<<<<

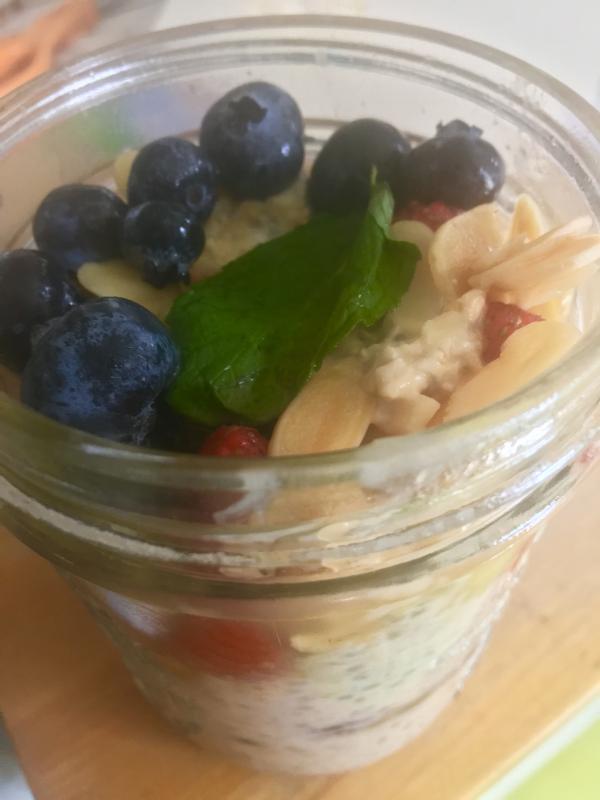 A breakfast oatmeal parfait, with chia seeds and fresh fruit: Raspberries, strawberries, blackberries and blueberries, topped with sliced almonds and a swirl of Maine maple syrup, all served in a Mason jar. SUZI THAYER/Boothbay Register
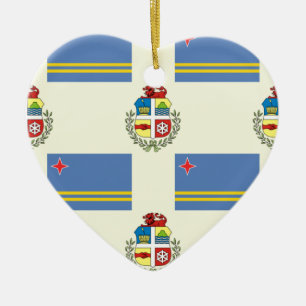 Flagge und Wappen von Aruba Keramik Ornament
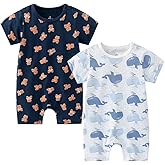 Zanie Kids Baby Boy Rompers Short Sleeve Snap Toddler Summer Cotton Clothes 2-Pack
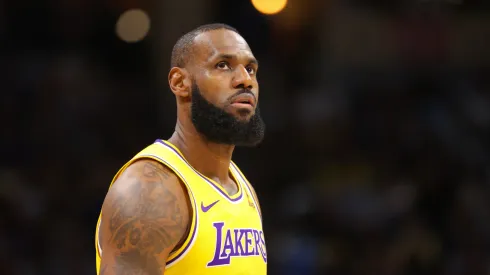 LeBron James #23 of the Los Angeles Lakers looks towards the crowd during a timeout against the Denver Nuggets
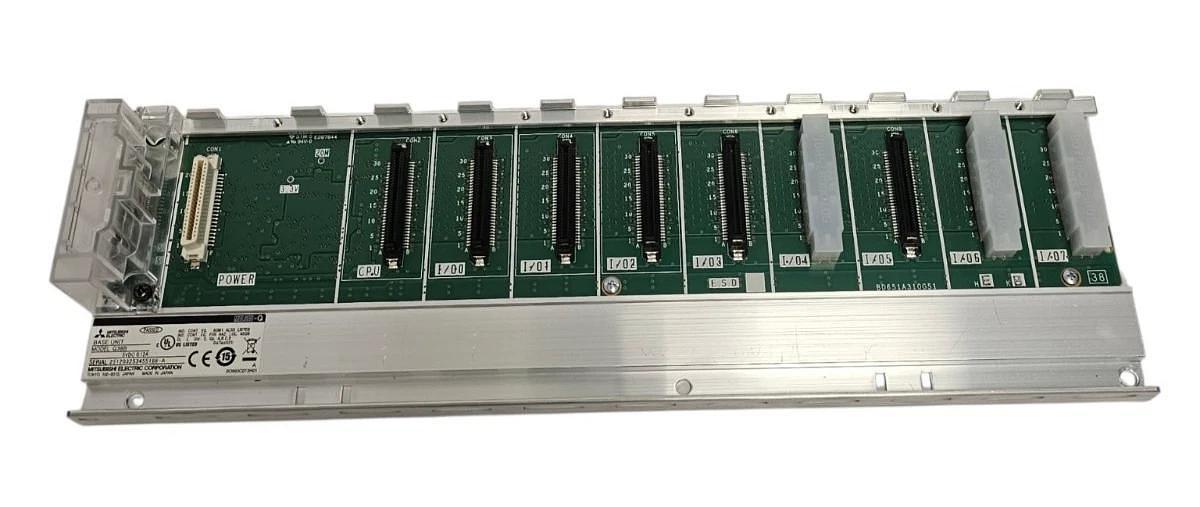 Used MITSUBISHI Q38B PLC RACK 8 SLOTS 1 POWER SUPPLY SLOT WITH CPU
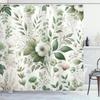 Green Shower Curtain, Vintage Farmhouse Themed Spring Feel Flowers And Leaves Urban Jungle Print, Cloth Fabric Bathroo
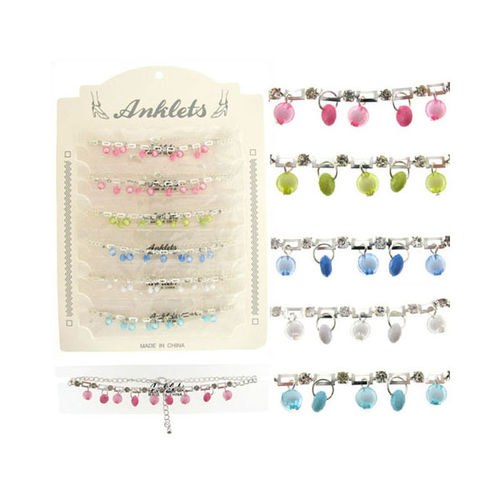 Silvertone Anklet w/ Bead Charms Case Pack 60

>>>>

#### [AIM OF THE TASK]
Could you copy every record above exactly, leaving out the pictures?

#### [RESULT]
 A breakfast oatmeal parfait, with chia seeds and fresh fruit: Raspberries, strawberries, blackberries and blueberries, topped with sliced almonds and a swirl of Maine maple syrup, all served in a Mason jar. SUZI THAYER/Boothbay Register
 Flagge und Wappen von Aruba Keramik Ornament
 Zanie Kids Baby Boy Rompers Short Sleeve Snap Toddler Summer Cotton Clothes 2-Pack
 LeBron James #23 of the Los Angeles Lakers looks towards the crowd during a timeout against the Denver Nuggets
 Used MITSUBISHI Q38B PLC RACK 8 SLOTS 1 POWER SUPPLY SLOT WITH CPU
 Green Shower Curtain, Vintage Farmhouse Themed Spring Feel Flowers And Leaves Urban Jungle Print, Cloth Fabric Bathroo
 Silvertone Anklet w/ Bead Charms Case Pack 60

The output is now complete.